Affidi, business da un miliardo
di Paolo Crecchi
I pagamenti sono garantiti dai Comuni che a volte vorrebbero comportarsi diversamente e organizzare l’assistenza su altre basi, ma devono fare i conti con l’inflessibilità dei tribunali dei minori. Dietro alle case famiglia ci sono enti religiosi e privati, che spesso riescono a lucrare sulle rette non assicurando ai ragazzi il sostentamento e il sostegno pattuiti.

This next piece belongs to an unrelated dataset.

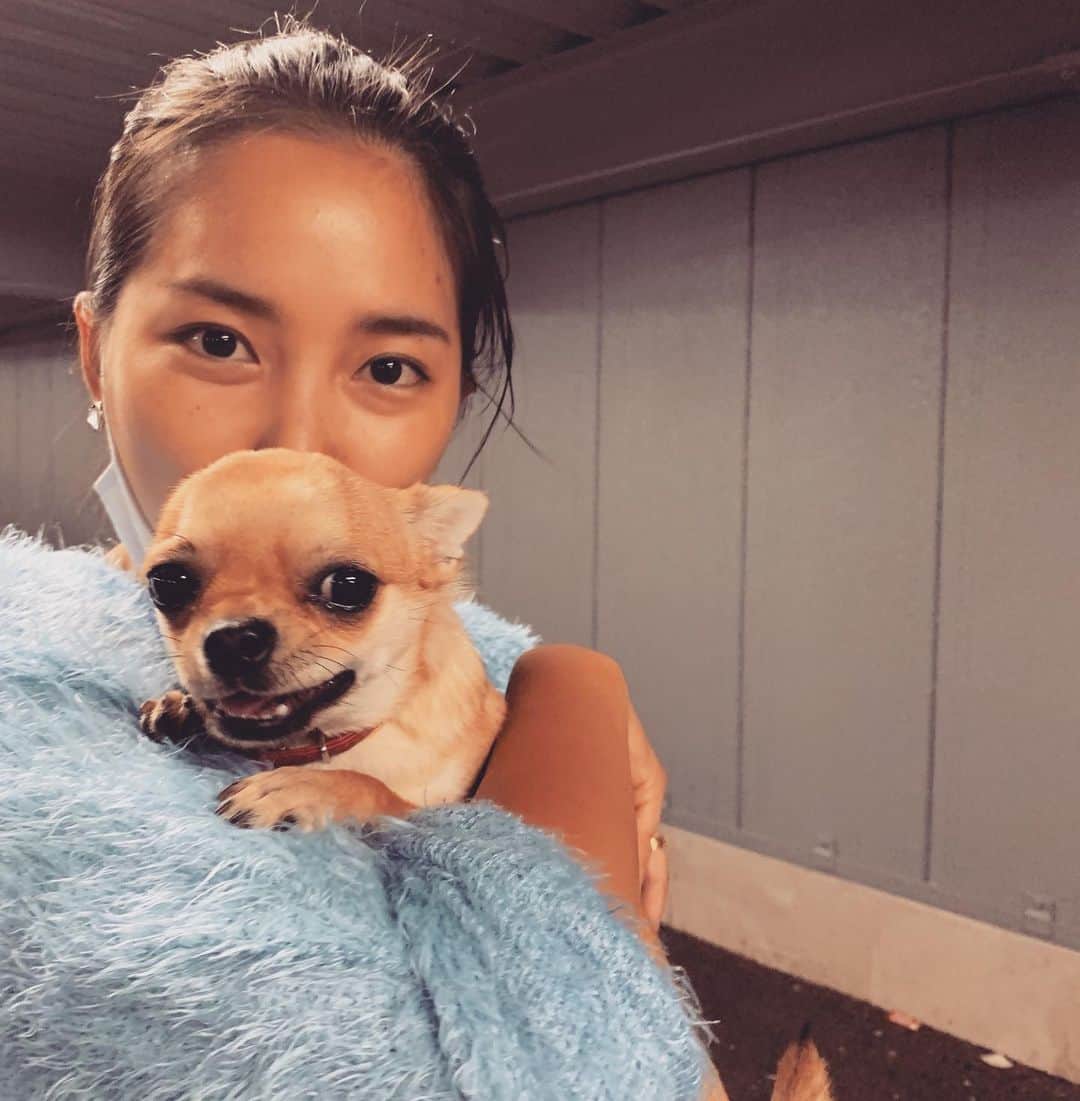 奥山春香さんのインスタグラム写真 - (奥山春香Instagram)「アシカ系の顔好き。」10月18日 13時46分 - corvetteharuka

Il problema sono i controlli: lo stato li affida alle associazioni no profit, ma i muraglioni dei convitti si rivelano troppe volte barriere inaccessibili. «Dietro un affido - conferma l’assessore ai servizi sociali di Albenga, Eraldo Ciangherotti - ci sono posti di lavoro e un’economia robusta. Bisogna vigilare perché non vengano privati i genitori del diritto ad allevare i propri figli, magari dietro una segnalazione un po’ frettolosa».

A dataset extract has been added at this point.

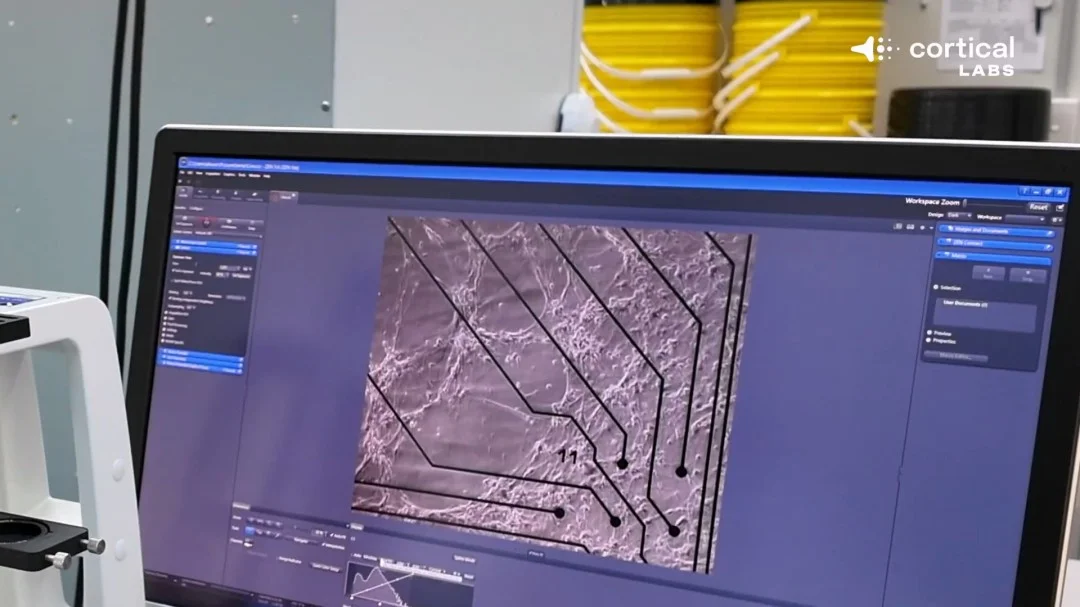 那不勒斯战,胜米兰,榜首差距缩,热博体育,体育博彩,体育投注,热博平台,体育赛事投注,热博官网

Il caso di Khalid, per esempio. Qualcuno si è preso la briga di sostenere che era separato (falso), che non era affidabile (falso), che non andava a trovare i bambini in comunità (lui ha esibito il tabulato con gli orari delle visite, non ne ha mai saltata una).
Il business degli affidi è incrudelito dai tempi della giustizia italiana. Khalid: «Il giudice ha ordinato una consulenza tecnica, come se fossi in lite con mia moglie e non lo sono. Ma soprattutto devo aspettare altri quattro mesi: ma scherziamo? E perché? Chi mi restituirà il tempo perduto, trascorso senza i miei affetti»? Il giudice Cavatorta, di fronte a questi obiettivi, non sembra scosso: «La giustizia ha i suoi tempi». Appunto.

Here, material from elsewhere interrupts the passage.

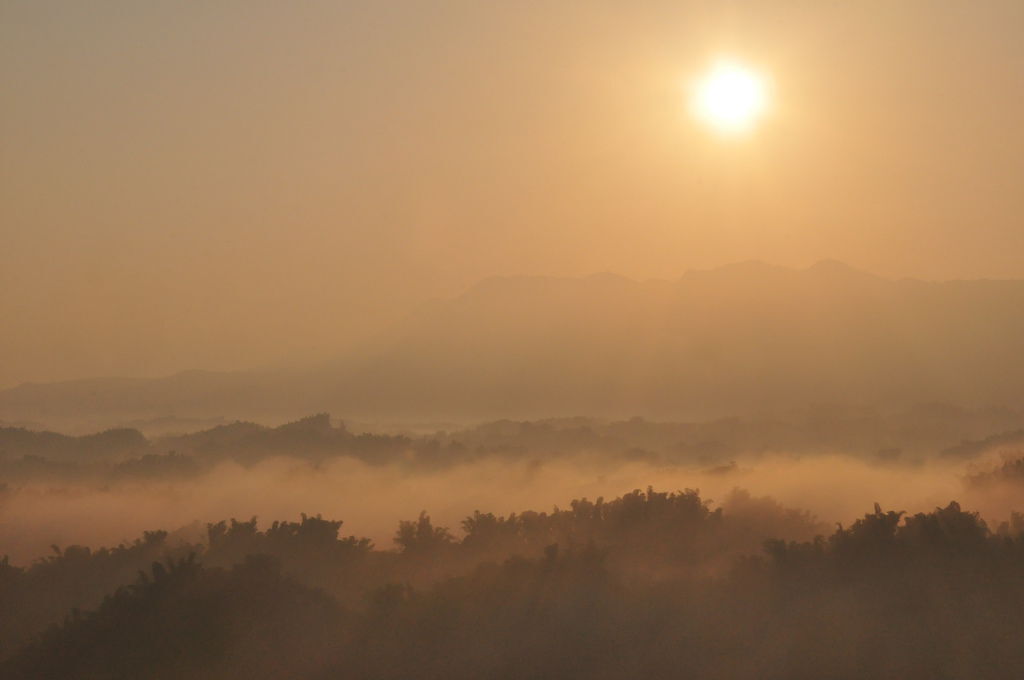 DSC_0333.JPG DSC_0333.JPG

E siccome spesso le segnalazioni sono frutto di piccole vendette, cattiveria, disinformazione, troppi affidamenti si rivelano un’ingiustizia. La deputata Sbai Souad: «Abbiamo passato il livello di guardia. I tribunali dei minori hanno un potere spropositato, e spesso non seguono l’evolversi delle situazioni».
Nella denuncia alla procura della repubblica di roma, Sbai Souad ricorda che la figlia di Khalid è stata portata fuori dai confini nazionali, durante le prove dell’affidamento alla famiglia musulmana, senza il consenso del padre. Chi doveva vigilare? Attenzione: per legge, il minore ha il diritto inviolabile di crescere nel nucleo familiare, fino al terzo grado di parentela.